Pencapan ini tentu berjalan dalam arah yang berbeda dengan rencana demokrasi. Dalam demokrasi pertarungan perebutan kepemimpinan dilakukan dengan kontestasi dari calon-calon yang dipilih partai pendukung.
Gerakan hari ini mungkin disebabkan situasi politik saat ini, di mana rakyat sangat percaya bahwa mengalahkan Ahok melalui demokrasi, hanya mungkin dengan penolakan Megawati terhadap Ahok. Namun, perkiraan “politik dagang sapi” telah kadung dipercaya rakyat bahwa Mega akan mendukung Ahok dengan barter Jokowi mendukung Budi Gunawan menjadi kepala BIN.
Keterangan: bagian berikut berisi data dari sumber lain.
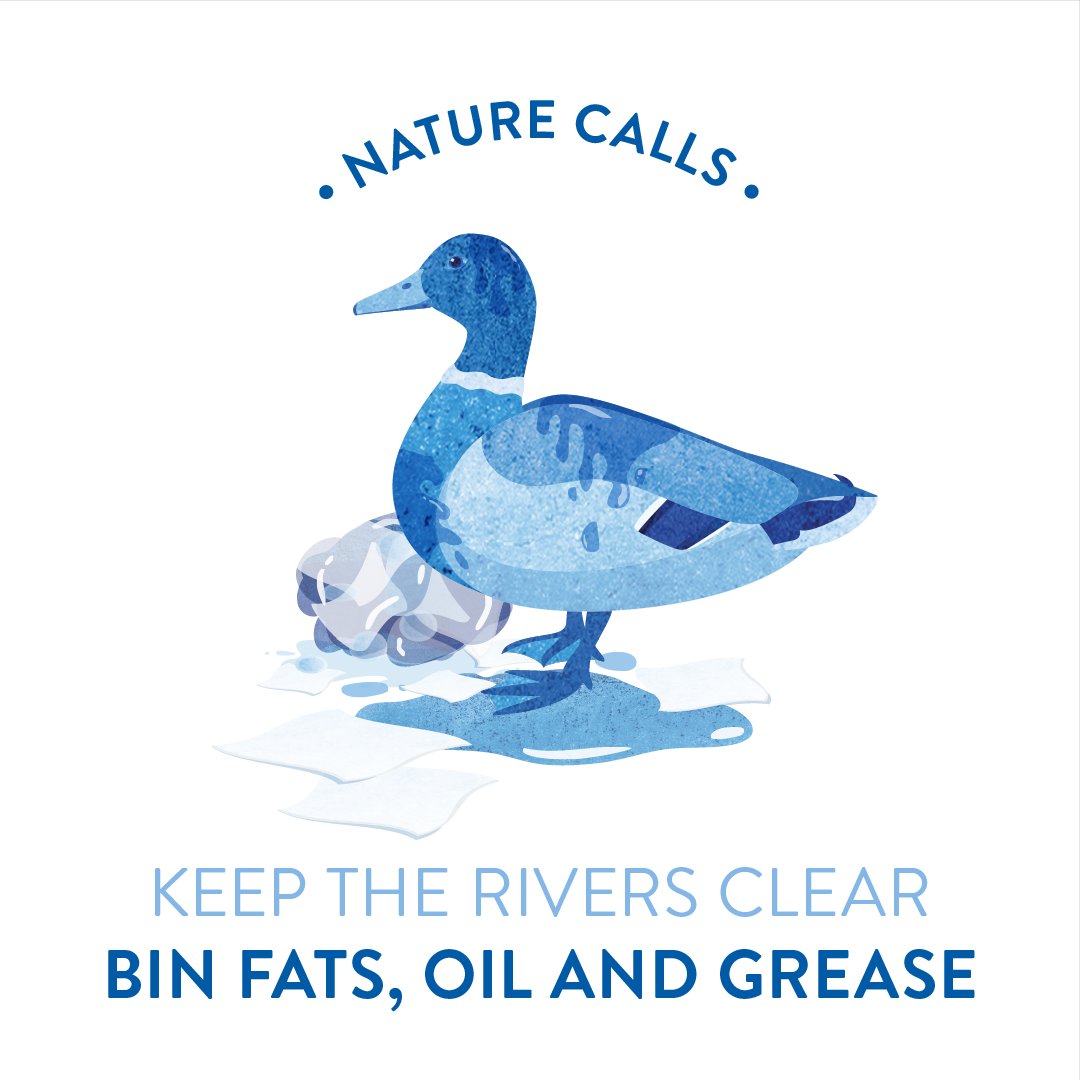 scottish_water's tweet image. Please don’t pour fats, oil or grease down the sink. It blocks pipes, forms ‘fatbergs’ and creates sewage spills. Collect it and bin it. #fatsoilgrease #NatureCalls #JoinTheWave ️  
 
➡️ jointhewave.scot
Harapan terhadap Megawati dan jalan demokrasi sudah terasa kandas. Maka, jalan satu satunya mungkin melalui konfrontasi.
Dalam perjuangan konfrontasi, gerakan-gerakan anti Ahok yang radikal akan mengalami metamorfosa sesuai dengan situasi ke depan. Apakah Ahok akan kembali menjadi gubernur?
Skenario pertama adalah, Ahok jadi gubernur, luapan kebencian massa akan melumpuhkan Jakarta. Lumpuh dalam skala provinsi atau lumpuh dalam skala nasional. Hal ini tergantung konsolidasi berbagai kekuatan yang bersinergi, yang melihat Ahok sebagai persoalan lokal atau Ahok sebagai bagian agenda regional RRC. Kelompok yang terkahir ini, seperti Letjen (purn) Johannes Suryo Prabowo, melihat peristiwa Ahok dan proxy war dengan RRC adalah sebuah agenda yang berhimpitan.
Skenario kedua adalah Ahok menjadi gubernur, kelompok-kelompok strategis melokalisir persoalan Ahok hanyalah masalah Jakarta. Jika hal ini terjadi,maka di sinilah muncul gerilyawan kota (Urban Guerrilla). AMJU, AMJAS, Kobar, Forum RT RW, gerakan pribumi dll akan melanjutkan perjuangannya melawan Ahok dalam skala kota Jakarta. Namun, pencapan Kafir dan diktator, akan melahirkan perlawanan yang lebih keras dan anarkis. Sebuah gerilyawan kota seperti The Squad, IRA di Irlandia, atau Hamas di Palestina atau Hezbollah di Libanon. Atau lainnya. Jakarta akan menjadi kota yang lumpuh.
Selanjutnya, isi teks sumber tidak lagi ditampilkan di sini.